È escluso che Draghi e Lamorgese vogliano emularne le gesta e seguirne la sorte. Anche la via delle intese bilaterali, per quanto sensata, non è praticabile. Bisognerebbe mettersi d'accordo con la Libia per evitare le partenze. La sinistra dei porti aperti, dello ius soli e delle felpe con stampati sul petto i nomi delle organizzazioni non governative in costante contatto con gli scafisti però non lo consentirà mai. Altrimenti, regnante Conte, M5S e Pd non avrebbero respinto al mittente l'offerta dell'Unione Europea di nominare commissario straordinario per la Libia Marco Minniti, il predecessore dem di Salvini al Viminale, che spianò la strada al ministro leghista.

 

 

Il banchiere dei tre mondi è alle prese con un problema che, un po' superficialmente, pensava di non avere.

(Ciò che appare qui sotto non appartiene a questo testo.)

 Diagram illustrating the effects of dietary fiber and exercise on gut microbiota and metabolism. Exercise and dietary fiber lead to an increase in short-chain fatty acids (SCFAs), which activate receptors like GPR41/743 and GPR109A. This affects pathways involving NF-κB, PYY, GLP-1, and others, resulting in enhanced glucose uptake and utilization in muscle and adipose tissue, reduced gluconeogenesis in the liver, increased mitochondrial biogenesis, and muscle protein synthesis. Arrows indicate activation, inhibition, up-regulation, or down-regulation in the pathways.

Draghi era venuto per vaccinare e per fare il piano su come investire gli aiuti europei per la ripresa che garantiranno debiti per centinaia di miliardi alle prossime cinque generazioni. I vaccini stanno andando come tutti sanno: più lentamente di quanto promesso e peggio che in molti altri Paesi occidentali, ma bisogna dire che tutto procede alla grande e quindi il problema è relativo, anche perché a risolvere l'emergenza sanitaria è in arrivo il generale Estate, più affidabile ed efficiente perfino del generale Figliuolo. Quanto al piano economico, nessuno dubita che sarà inappuntabile, solo che i quattrini arrivano a rate e a gestirli, per tradurre in pratica i progetti, saranno i successori di SuperMario, e che Dio ce la mandi buona.

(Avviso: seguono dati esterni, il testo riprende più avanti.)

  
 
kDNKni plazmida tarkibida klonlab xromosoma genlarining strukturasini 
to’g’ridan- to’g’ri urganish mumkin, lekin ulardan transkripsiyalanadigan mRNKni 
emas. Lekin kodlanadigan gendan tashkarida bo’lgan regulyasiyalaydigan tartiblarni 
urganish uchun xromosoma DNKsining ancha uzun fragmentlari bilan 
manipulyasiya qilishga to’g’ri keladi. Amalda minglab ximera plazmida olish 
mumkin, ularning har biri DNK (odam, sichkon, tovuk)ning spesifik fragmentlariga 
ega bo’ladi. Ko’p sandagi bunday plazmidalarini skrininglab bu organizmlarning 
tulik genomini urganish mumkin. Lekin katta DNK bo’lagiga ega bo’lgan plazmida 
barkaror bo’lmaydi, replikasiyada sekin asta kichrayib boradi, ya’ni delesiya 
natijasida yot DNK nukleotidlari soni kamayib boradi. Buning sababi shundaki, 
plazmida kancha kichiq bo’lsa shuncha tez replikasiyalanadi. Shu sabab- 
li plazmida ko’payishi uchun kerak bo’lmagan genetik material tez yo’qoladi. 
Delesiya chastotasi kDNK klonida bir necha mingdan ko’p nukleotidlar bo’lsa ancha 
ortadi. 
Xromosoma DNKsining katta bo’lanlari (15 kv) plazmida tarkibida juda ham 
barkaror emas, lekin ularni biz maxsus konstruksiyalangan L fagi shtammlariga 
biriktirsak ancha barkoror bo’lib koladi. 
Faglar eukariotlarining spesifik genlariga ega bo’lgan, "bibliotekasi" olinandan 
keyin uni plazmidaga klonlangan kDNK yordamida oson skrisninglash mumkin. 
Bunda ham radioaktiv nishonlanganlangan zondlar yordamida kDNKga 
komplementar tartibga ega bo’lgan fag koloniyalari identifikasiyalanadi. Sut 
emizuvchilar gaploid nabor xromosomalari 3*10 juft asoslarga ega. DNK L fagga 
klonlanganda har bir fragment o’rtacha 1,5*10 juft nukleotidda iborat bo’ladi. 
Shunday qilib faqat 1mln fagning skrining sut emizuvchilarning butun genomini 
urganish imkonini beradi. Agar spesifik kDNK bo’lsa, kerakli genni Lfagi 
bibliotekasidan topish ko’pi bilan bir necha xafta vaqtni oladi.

QUALE CONTENIMENTO? - Per l'intanto, c'è la patata bollente clandestini, difficile da ignorare, anche perché l'Onu ha lanciato l'allarme e nei mesi estivi potrebbero sbarcare anche 70mila persone. Il piano di contenimento della ministra Lamorgese è robetta. Cinque navi quarantena che ci costeranno 36mila euro al giorno dovrebbero essere il primo approdo dei migranti. I profughi verrebbero così trattenuti in mare per giorni dall'attuale titolare del Viminale proprio quando il suo predecessore viene processato per aver vietato lo sbarco di altri sventurati. Finito l'isolamento a mollo, il carico umano sarà sistemato in centri d'accoglienza, in attesa che si analizzino le richieste d'asilo. Da una detenzione all'altra, aspettando la redistribuzione in Europa di chi ha diritto e il rimpatrio di chi non ce l'ha. Fantasie, perché solo una minima parte dei profughi scappa dalla guerra, mentre la stragrande maggioranza è composta da migranti economici, che l'Europa non vuole e noi non sappiamo rimandare a casa. Una soluzione al caos ci sarebbe.

 

 

Se questo è il governo dei migliori, Draghi chiami il migliore. In materia di immigrazione il migliore, coram populi, si è rivelato Salvini. Certo, scoccia restituire al capo della Lega una poltrona che gli farebbe riguadagnare sei-otto punti nei sondaggi in un mese. Reinsediarlo al Viminale poi significherebbe sconfessare istituzionalmente i processi contro di lui. Ci vorrebbero un gran coraggio e una grande lungimiranza per prendere una decisione del genere «whatever it takes» (a qualunque costo), come disse una volta un leader non impastoiato nelle vicende romane. Altri tempi?